[DATA SUPPLIED — start]
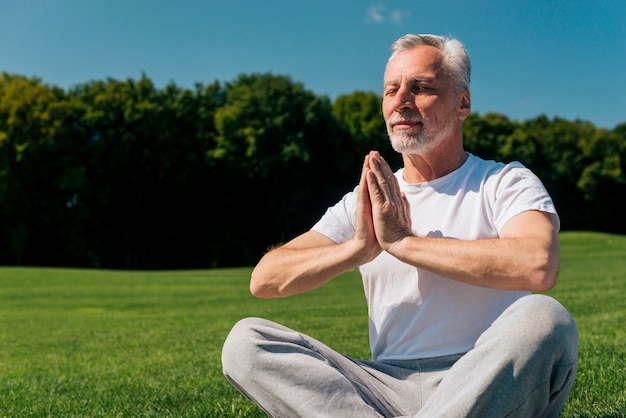 Medium shot old man meditating in nature Photo | Free Download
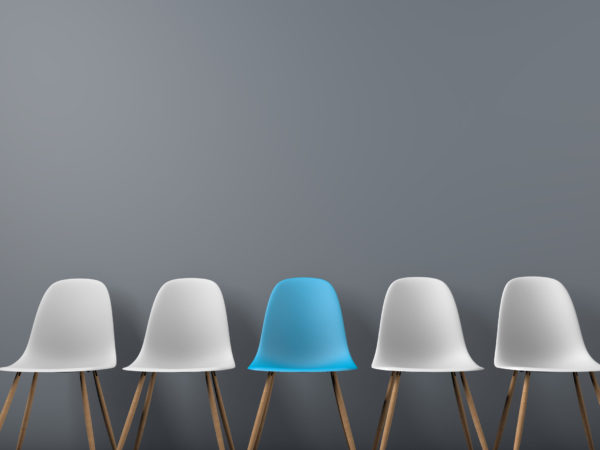Row of chairs with one odd one out. Job opportunity. Business leadership. recruitment concept. 3D rendering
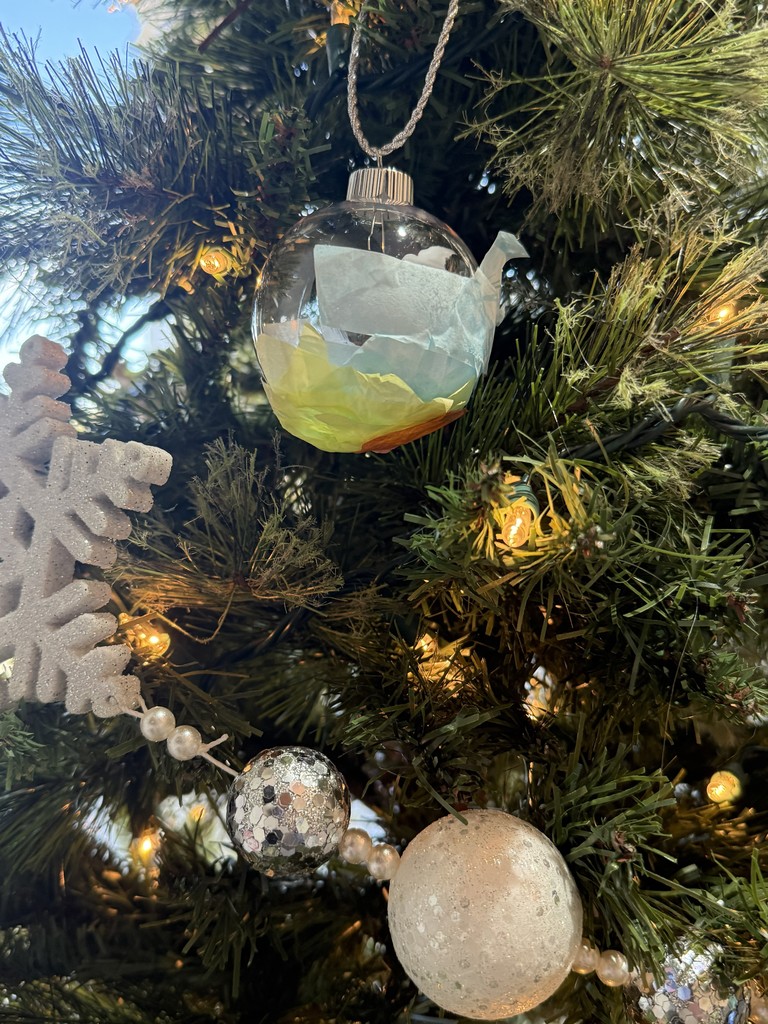 Image showing ✨Please visit the Evans County Downtown Development Authority's Festival of Trees hosted by Claxton City Hall to see the tree decorated with beautiful, custom ornaments made by the dedicated CMS/CHS Special Olympics athletes during the fall games. The Festival of Trees is on display at City Hall through January 2, 2026 during business hours (Mondays- Thursdays 8:15-4:30 and Fridays 8:15-12:00).  #HolidaySeason #AthleteArt #ClaxtonCityHall #FestiveOfTrees 🎄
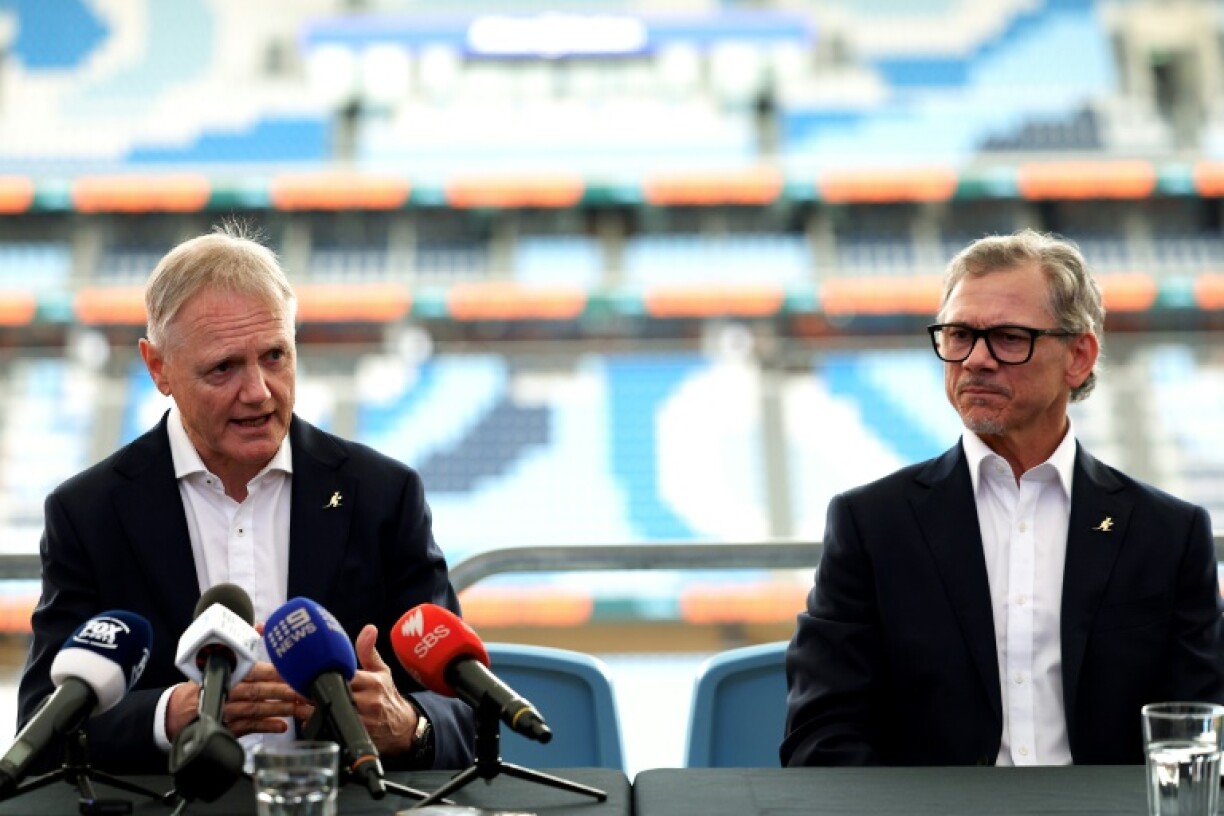 Wallabies coach Joe Schmidt (left) abd his successor Les Kiss talk to media in Sydney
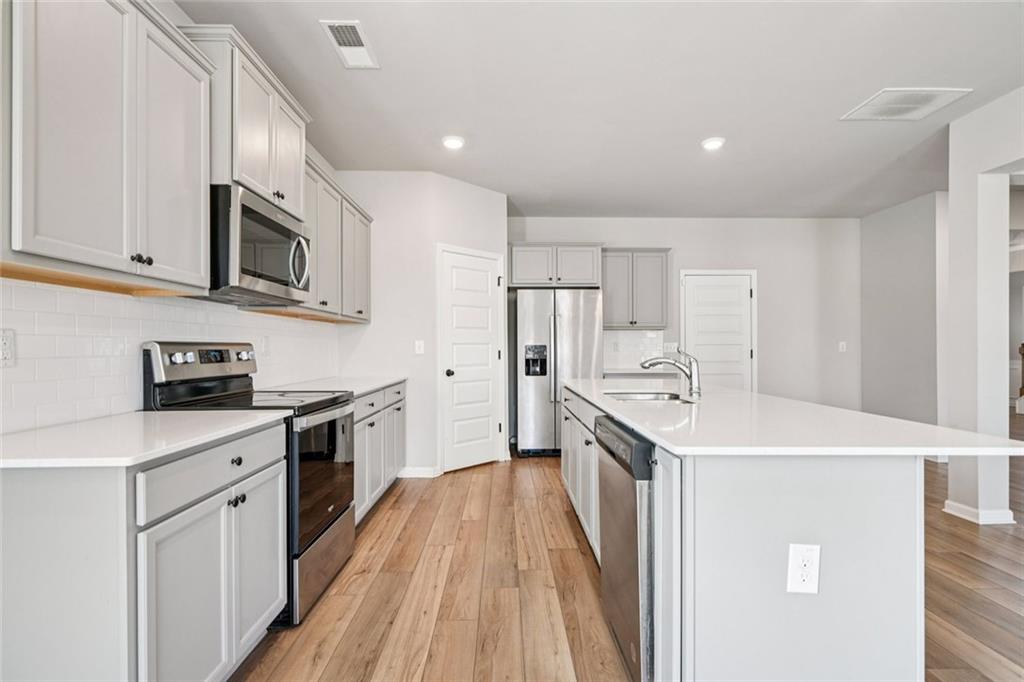 1547 Stinson Lane Locust Grove, GA 30248 - Photo 12 of 43 a kitchen with stainless steel appliances a stove top oven a sink a refrigerator white cabinets and wooden floor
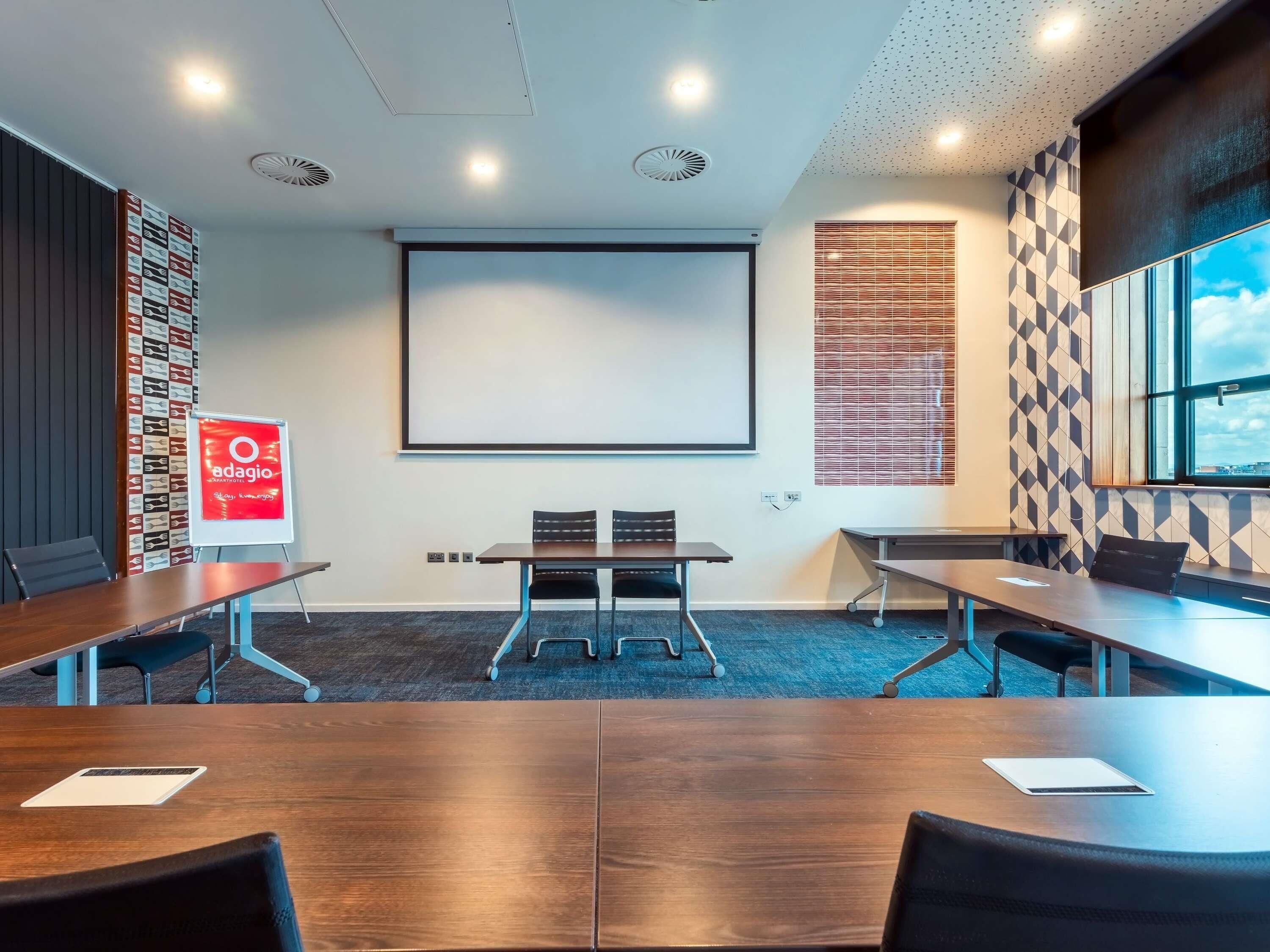 A conference room with a large screen, two tables with chairs, and a patterned wall.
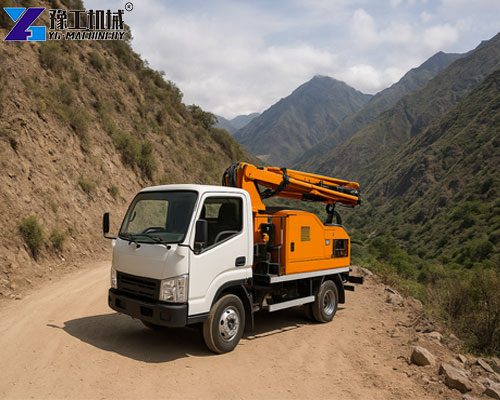 small concrete pump truck working on mountain road construction site in peru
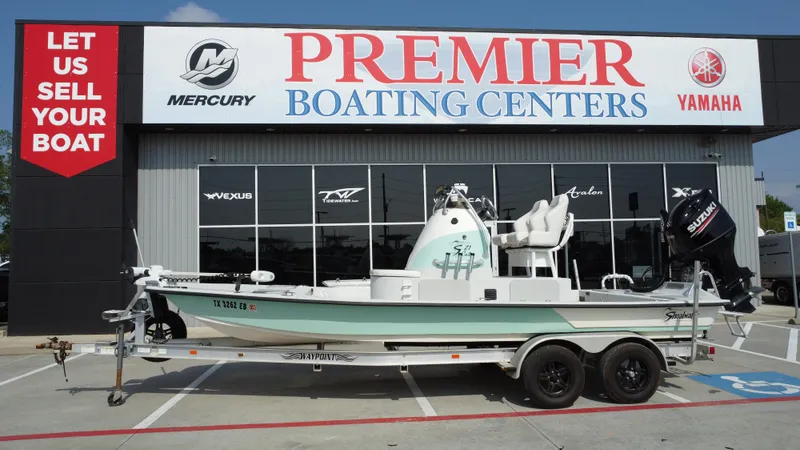 Slide: The Image of 2018 Shoalwater 21 CAT DLX boat at Premier Boating Centers dealership. - 1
[DATA SUPPLIED — finish]
_TASK TO CARRY OUT_
Set every entry down again word for word, but not the pictures.

_RESPONSE_
 Medium shot old man meditating in nature Photo | Free Download
Row of chairs with one odd one out. Job opportunity. Business leadership. recruitment concept. 3D rendering
 Image showing ✨Please visit the Evans County Downtown Development Authority's Festival of Trees hosted by Claxton City Hall to see the tree decorated with beautiful, custom ornaments made by the dedicated CMS/CHS Special Olympics athletes during the fall games. The Festival of Trees is on display at City Hall through January 2, 2026 during business hours (Mondays- Thursdays 8:15-4:30 and Fridays 8:15-12:00).  #HolidaySeason #AthleteArt #ClaxtonCityHall #FestiveOfTrees 🎄
 Wallabies coach Joe Schmidt (left) abd his successor Les Kiss talk to media in Sydney
 1547 Stinson Lane Locust Grove, GA 30248 - Photo 12 of 43 a kitchen with stainless steel appliances a stove top oven a sink a refrigerator white cabinets and wooden floor
 A conference room with a large screen, two tables with chairs, and a patterned wall.
 small concrete pump truck working on mountain road construction site in peru
 Slide: The Image of 2018 Shoalwater 21 CAT DLX boat at Premier Boating Centers dealership. - 1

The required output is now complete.